I just picked up a ‘53 Super and I’m eyeing your tank and rack. Please let me know if you part it out. 




Sent from my iPhone using Tapatalk


----------



## Dennislee78 (Jul 24, 2020)

Sorry but won't happen! My plan is to keep this and fix her up!


----------



## JPKelley5 (Jul 24, 2020)

Dennislee78 said:


> Sorry but won't happen! My plan is to keep this and fix her up!




Worth a shot! Great find. At least there isn’t one more person our there looking for a tank and rack  Enjoy it!


Sent from my iPhone using Tapatalk


----------



## Starnger (Jul 24, 2020)

Your bike is 1950 - 1954 judging by the frame features. Western flyer super, seems to be all original. The serial number can tell you the exact year and month of production. Here is the chart.


----------



## Dennislee78 (Jul 25, 2020)

Starnger said:


> Your bike is 1950 - 1954 judging by the frame features. Western flyer super, seems to be all original. The serial number can tell you the exact year and month of production. Here is the chart.



Where on the frame would the serial be?


----------



## Starnger (Jul 25, 2020)

Dennislee78 said:


> Where on the frame would the serial be?



Under the bottom bracket.


----------



## Dennislee78 (Jul 27, 2020)

Starnger said:


> Under the bottom bracket.


----------



## Starnger (Jul 27, 2020)

Dennislee78 said:


> View attachment 1236509



Means your bike is made in December 1949.


----------



## Dennislee78 (Jul 27, 2020)

Starnger said:


> Means your bike is made in December 1949.

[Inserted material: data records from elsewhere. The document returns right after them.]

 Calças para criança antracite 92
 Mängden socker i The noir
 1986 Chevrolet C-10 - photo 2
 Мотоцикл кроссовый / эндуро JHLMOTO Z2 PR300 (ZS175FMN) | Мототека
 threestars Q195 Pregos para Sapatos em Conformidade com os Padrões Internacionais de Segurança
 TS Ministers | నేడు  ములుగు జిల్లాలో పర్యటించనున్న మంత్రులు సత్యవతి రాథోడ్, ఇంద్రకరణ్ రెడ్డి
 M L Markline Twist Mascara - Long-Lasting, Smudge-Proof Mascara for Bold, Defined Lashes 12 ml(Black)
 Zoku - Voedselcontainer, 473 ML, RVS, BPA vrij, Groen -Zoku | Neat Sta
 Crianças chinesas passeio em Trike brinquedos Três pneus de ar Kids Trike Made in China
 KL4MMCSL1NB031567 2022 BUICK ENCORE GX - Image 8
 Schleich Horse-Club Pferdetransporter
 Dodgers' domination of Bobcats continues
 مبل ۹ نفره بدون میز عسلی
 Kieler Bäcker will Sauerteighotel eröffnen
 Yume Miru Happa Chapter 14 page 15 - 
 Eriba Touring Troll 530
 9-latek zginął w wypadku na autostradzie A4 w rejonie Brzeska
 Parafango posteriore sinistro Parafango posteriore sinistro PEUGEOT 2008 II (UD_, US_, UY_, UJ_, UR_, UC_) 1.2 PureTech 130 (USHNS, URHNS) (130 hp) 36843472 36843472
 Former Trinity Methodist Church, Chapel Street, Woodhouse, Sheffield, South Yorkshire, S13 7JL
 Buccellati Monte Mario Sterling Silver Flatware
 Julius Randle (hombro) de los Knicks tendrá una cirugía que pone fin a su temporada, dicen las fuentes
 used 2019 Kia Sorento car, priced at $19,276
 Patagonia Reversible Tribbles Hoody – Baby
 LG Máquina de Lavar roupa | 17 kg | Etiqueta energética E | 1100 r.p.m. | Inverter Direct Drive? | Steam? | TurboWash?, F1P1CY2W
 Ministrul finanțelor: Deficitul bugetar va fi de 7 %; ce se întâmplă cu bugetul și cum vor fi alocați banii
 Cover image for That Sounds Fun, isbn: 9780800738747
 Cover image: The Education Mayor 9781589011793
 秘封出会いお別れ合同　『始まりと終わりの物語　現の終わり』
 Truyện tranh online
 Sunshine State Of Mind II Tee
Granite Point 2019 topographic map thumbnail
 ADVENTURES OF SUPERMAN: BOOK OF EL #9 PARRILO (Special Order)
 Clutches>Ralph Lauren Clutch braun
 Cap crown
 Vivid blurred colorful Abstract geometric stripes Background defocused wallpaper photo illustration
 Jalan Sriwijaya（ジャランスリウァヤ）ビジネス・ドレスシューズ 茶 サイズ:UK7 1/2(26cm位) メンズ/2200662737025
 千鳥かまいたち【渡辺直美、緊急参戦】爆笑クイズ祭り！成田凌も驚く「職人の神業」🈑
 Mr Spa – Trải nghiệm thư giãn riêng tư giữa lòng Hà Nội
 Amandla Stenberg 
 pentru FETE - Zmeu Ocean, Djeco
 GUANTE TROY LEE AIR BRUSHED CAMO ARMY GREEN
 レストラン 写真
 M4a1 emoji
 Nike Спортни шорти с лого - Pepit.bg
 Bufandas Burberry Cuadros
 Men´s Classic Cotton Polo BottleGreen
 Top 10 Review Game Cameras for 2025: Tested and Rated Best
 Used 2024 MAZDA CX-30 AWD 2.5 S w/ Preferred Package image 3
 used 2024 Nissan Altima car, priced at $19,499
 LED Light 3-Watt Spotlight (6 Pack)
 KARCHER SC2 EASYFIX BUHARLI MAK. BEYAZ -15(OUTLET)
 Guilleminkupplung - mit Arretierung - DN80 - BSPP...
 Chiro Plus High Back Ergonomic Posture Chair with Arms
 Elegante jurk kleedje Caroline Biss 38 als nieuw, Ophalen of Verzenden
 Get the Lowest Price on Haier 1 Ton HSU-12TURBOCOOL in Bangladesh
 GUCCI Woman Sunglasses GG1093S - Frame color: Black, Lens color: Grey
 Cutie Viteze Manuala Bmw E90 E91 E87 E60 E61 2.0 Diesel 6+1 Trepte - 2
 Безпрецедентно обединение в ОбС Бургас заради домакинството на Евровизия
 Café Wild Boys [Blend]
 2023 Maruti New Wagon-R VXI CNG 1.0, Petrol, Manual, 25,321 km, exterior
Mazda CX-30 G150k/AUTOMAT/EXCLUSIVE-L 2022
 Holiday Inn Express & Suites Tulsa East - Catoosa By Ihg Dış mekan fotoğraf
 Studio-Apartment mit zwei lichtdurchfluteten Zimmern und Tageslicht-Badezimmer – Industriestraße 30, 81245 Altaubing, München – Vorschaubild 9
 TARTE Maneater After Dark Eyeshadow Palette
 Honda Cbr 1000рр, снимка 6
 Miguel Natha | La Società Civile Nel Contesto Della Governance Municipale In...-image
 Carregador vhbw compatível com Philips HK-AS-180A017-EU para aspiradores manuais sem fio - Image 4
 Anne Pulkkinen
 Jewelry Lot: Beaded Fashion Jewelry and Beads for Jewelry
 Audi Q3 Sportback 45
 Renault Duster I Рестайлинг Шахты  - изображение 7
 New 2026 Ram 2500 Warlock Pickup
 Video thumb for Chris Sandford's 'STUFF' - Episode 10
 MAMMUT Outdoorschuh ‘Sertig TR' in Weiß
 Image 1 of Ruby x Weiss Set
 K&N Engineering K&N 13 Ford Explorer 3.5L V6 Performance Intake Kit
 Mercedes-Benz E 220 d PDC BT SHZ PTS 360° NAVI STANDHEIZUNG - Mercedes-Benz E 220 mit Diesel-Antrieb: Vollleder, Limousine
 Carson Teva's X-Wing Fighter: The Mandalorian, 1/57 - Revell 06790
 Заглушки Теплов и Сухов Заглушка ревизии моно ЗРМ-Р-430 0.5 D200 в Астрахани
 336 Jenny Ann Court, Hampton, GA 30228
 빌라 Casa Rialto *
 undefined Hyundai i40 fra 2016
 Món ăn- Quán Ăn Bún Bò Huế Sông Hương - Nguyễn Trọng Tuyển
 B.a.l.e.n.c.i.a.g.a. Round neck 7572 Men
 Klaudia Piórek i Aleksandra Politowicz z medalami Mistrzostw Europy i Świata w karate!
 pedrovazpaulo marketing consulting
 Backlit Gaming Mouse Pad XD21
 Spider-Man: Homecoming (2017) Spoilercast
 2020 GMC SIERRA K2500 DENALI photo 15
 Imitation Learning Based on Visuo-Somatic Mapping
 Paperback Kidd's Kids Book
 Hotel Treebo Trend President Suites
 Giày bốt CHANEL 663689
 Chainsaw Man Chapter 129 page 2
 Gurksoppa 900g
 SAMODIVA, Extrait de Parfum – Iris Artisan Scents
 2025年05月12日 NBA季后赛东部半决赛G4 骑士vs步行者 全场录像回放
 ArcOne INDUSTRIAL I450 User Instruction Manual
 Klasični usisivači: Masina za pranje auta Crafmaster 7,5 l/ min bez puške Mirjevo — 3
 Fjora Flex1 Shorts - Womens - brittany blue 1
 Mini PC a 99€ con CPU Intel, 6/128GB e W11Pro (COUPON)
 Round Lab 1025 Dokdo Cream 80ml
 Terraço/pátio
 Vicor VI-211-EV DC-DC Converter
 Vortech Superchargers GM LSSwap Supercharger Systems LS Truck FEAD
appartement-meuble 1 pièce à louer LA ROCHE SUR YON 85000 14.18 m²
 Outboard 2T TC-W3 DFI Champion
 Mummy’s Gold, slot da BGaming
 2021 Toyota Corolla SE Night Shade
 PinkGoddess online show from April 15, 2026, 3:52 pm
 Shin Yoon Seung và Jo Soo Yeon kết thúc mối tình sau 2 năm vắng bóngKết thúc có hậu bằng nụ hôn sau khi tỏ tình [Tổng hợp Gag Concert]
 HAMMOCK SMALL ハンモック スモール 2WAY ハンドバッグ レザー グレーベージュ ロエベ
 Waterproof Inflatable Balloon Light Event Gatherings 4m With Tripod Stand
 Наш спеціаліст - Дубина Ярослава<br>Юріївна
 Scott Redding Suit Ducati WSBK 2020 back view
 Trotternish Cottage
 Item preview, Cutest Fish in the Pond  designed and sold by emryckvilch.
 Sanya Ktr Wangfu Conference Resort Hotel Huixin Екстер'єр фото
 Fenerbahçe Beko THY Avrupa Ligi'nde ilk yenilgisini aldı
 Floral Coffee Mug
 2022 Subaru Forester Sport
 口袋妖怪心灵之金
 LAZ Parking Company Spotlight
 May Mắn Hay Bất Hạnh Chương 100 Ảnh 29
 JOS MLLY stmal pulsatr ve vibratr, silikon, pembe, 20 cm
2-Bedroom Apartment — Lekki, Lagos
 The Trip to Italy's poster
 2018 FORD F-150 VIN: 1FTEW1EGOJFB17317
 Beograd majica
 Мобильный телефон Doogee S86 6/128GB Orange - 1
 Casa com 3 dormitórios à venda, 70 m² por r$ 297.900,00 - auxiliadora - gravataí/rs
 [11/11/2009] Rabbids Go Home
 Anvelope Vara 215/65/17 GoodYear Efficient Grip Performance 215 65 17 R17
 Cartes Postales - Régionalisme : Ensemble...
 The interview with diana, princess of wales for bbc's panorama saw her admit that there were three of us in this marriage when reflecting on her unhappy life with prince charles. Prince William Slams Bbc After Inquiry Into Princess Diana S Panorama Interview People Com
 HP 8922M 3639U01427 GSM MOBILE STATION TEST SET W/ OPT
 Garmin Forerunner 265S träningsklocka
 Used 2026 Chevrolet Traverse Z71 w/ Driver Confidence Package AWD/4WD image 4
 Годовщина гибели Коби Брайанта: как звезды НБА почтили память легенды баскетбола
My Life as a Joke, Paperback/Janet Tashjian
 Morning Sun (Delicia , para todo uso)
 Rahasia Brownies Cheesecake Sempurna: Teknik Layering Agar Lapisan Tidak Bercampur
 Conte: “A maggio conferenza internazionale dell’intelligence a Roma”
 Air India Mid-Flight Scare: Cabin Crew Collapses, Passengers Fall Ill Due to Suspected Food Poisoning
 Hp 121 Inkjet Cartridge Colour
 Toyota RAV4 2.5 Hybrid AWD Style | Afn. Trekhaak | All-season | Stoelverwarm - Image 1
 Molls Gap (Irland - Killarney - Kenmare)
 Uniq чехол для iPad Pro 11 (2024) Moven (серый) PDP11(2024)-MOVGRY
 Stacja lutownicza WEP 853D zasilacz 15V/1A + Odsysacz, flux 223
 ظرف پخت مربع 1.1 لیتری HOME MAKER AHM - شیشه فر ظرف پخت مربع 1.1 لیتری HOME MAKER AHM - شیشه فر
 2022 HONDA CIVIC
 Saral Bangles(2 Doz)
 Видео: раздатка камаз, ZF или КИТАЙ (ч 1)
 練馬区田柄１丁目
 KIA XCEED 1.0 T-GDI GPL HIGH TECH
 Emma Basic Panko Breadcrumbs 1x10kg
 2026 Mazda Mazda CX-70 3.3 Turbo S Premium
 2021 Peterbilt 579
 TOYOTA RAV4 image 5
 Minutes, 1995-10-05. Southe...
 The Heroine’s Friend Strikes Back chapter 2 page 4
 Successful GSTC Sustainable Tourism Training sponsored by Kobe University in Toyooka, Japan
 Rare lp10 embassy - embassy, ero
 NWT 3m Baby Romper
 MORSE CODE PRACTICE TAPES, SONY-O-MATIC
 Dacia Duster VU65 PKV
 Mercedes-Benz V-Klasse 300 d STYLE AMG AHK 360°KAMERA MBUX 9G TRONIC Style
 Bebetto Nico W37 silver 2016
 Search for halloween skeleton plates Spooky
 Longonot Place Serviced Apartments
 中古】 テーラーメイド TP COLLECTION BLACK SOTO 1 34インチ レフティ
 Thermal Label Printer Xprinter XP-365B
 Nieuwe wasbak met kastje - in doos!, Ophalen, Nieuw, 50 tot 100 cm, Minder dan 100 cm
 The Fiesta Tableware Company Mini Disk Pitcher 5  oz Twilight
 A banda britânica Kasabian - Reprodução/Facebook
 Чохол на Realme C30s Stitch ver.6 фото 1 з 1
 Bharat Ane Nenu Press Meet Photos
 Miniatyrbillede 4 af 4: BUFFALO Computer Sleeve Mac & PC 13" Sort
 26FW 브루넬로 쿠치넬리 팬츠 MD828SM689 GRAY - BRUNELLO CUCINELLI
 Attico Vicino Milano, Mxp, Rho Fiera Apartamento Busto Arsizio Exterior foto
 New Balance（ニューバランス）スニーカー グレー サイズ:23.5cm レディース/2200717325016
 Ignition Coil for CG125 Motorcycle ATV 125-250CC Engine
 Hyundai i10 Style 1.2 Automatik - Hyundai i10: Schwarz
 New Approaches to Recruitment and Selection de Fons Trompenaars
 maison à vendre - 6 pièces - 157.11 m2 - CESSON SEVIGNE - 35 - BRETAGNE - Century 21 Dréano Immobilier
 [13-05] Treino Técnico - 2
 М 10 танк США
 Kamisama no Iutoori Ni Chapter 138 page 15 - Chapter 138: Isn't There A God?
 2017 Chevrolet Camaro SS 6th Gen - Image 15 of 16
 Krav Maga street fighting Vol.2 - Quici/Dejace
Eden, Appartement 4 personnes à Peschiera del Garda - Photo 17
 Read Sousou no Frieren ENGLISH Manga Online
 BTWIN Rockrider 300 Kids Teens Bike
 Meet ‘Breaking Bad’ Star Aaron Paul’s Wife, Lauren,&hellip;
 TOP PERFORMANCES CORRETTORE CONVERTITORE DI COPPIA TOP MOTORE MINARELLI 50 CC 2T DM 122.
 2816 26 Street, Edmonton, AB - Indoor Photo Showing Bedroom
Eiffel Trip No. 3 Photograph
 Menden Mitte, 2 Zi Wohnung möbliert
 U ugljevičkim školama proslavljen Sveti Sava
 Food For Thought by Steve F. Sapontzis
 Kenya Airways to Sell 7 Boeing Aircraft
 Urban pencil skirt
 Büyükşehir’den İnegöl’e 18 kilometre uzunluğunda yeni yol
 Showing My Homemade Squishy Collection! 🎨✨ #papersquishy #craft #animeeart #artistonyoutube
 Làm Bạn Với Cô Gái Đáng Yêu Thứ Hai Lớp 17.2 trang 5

Yes sir!! I'm actually pretty happy with the condition its in! One of the pedal bars is bent into the chain guard and the front wheel hub is missing all its guts. The headlight is also missing. Other then that its completely all original! Looking forward to whats next. I don't think its gonna be a full restoration but definitely a cleanup and possibly a modification here and there.


----------



## Oilit (Jul 27, 2020)

Dennislee78 said:


> Picked this up from my dad and would like to get to work restoring it! Can anyone give me some info on year or model? I'd like to start by doing some research.  Thanks in advance!View attachment 1233477



Your dad took good care of his bike, and it's good that you intend to carry that on! It will take time and effort, but that bike should clean up very well.


----------



## Dennislee78 (Jul 27, 2020)

My dad is an amazing man when it comes to using his hands! He's built some of the most beautiful motorcycles I've ever seen. Im honored to have a bike that he loved and found to be so beautiful already without having to modify it. Sorry if this isn't allowed but I had to share. Check out the springer front end. They've always been his thing


Sorr


----------



## SKPC (Jul 27, 2020)

I would just remove the crank that you say is bent and replace it with a want-ad here. Easy to find.  The light could also be had by asking. Hub guts also....then it would be original like your Dad wanted it to be...cool bike to have and clean up...


----------